Thursday, September 25, 2008

More thoughts on the bailout

I don't like the idea of a bailout, and I wonder if it is necessary, but I do know that the financial markets are under extreme stress. This chart of the TED spread (a measure of stress in interbank lending) makes the point—this is worse than the Crash of '87. Bad policies and short-sighted politicians got us into this mess, and there is no easy way out at this point, unfortunately. The wheels of commerce are still turning, as I've been pointing out, and loans are still being made, but a potentially large number of banks are at risk of failure. The problem is that they have more exposure to subprime real estate than they ever imagined. That's because the market is currently assuming that the extent of the housing market collapse will be far greater than even the most extreme, pessimistic assumptions that people used a few years ago.

I can't prove this, but people I trust tell me that subprime paper is currently priced to the assumption that nationwide housing prices will fall 40-50%, triggering massive defaults and losses to those holding subprime loan tranches that were once considered virtually bullet-proof. (Here's an analogy: you're a conservative investor that buys only AAA-rated corporate bonds from the country's premier corporations. One day you wake up to discover that virtually ever major corporation is expected to default on its obligations.

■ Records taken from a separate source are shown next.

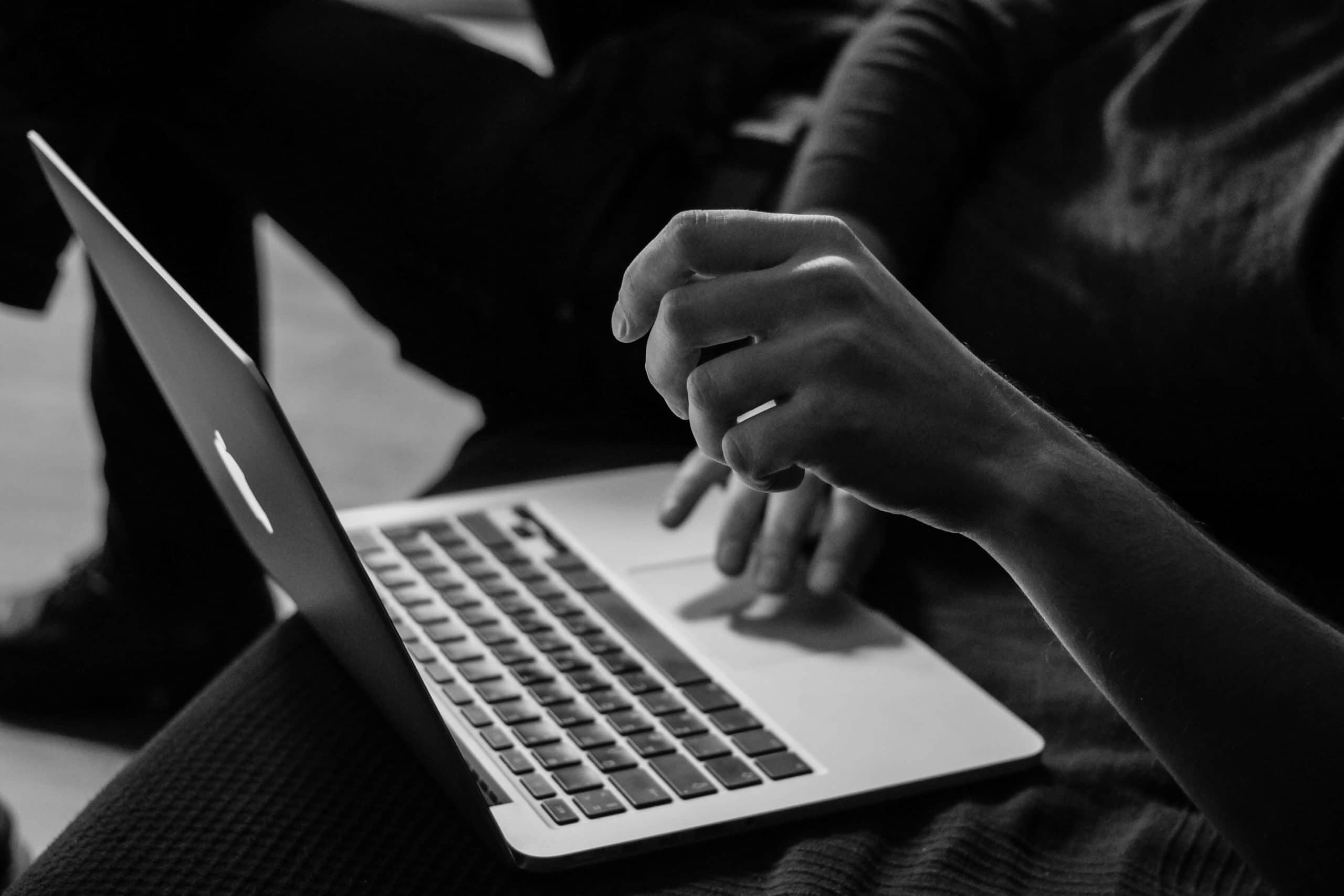 Do I Need a Buy Now Pay Later Solution On My Site?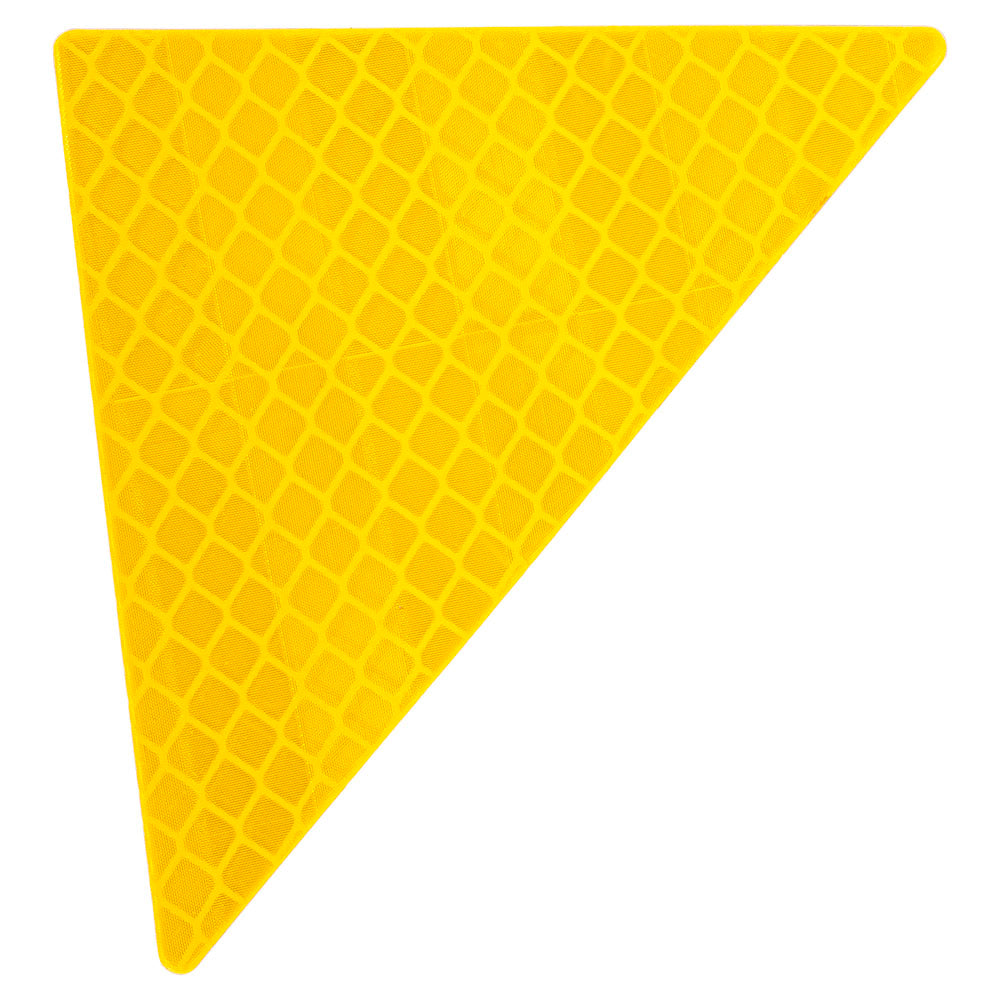 Genuine OEM Polaris Decal RZR Ranger General Brutus 7178957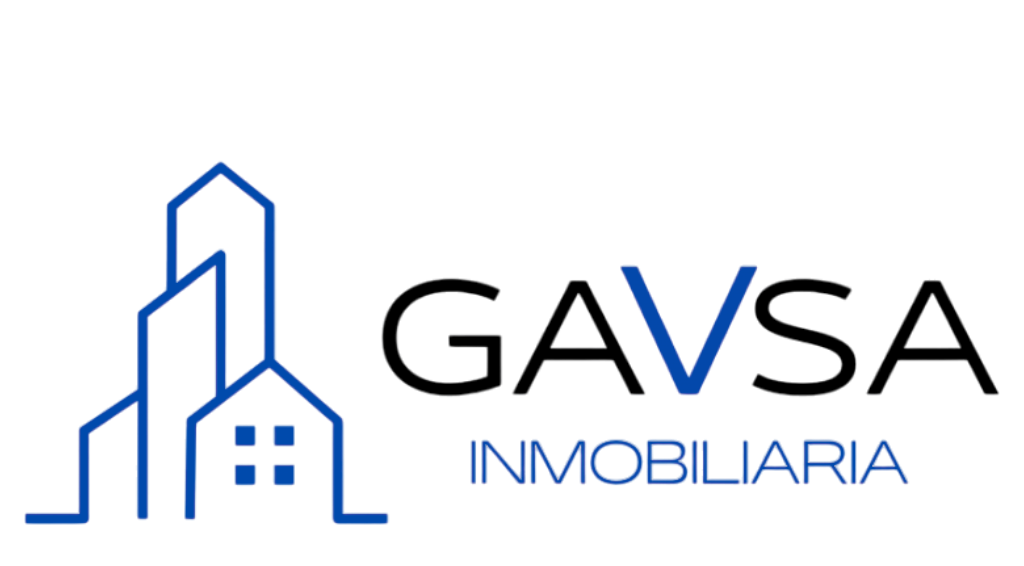 mobile logo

You simply can't believe it, but you're wiped out.) So far prices have fallen by about 20% in major markets, according to the Case-Shiller indices, but the market is assuming we're less than halfway to the eventual bottom in housing prices. To be a willing seller of subprime-related paper today, you have to believe that prices will fall by more than 50% from their mid-2006 peak. I know some houses in the Inland Empire have already fallen by that much, but to think that this will be repeated everywhere around the country is pretty pessimistic to say the least, and would certainly prove catastrophic to just about everyone.

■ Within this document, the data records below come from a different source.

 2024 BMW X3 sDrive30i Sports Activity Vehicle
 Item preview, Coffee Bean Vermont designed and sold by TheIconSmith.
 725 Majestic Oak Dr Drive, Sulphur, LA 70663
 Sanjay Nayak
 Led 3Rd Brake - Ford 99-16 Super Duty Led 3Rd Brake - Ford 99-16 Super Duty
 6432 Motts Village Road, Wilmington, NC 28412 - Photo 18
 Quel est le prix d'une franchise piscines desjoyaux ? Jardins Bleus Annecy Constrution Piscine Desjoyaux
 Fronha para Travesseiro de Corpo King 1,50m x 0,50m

If the bailout can result in unburdening the banking system of some portion of these distressed securities, we will avert massive bank failures and restore badly-needed confidence. It is not unreasonable to think that the loans that Treasury ends up purchasing could prove to be quite profitable. They might not even have to spend $700 billion; just demonstrating that it is possible might be enough to attract bottom-feeders who would willing relieve the banks of these loans at higher prices.

4 comments:

d said...

i dont like the idea of a bailout either. look how high stocks jumped today because investors assumed a bailout would happen. i think there will be a lot of selling tomorrow since this bailout seems dismal. talk about walking on eggshells. . .

Scott Grannis said...

It's not clear yet that the bailout will happen, and even if it does, it might contain so much ugly stuff (e.g., equity warrants) that participation in the program might be very low.

Tom said...

Scott, when you say that "subprime paper is currently priced to the assumption that nationwide housing prices will fall 40-50%" you are implicitly assuming that the only thing determining value is a discount of cash flows.

This is clearly not correct. Valuation judgments are subjective and dependent on many things. Much of this paper was originally bought on leverage during a time when there was an maniacal demand for high yielding securities.

If funds and others are now deleveraging, there could be a significant reduction in the total dollar demand for these securities at what used to be normal prices. It doesn't necessarily follow that "the market" is forecasting those events.

JMHO.

Scott Grannis said...

The value of a security is always the discounted present value of its cash flows, but in order to get those flows for subprime mortgages, you need to make a series of assumptions. Taking the price of a security as the given, you can back into the assumptions that are being made about the cash flows. The major assumption which leads to the current price of these securities is the decline of housing prices. There is also an assumption about recovery values after foreclosure, which I think is 50%.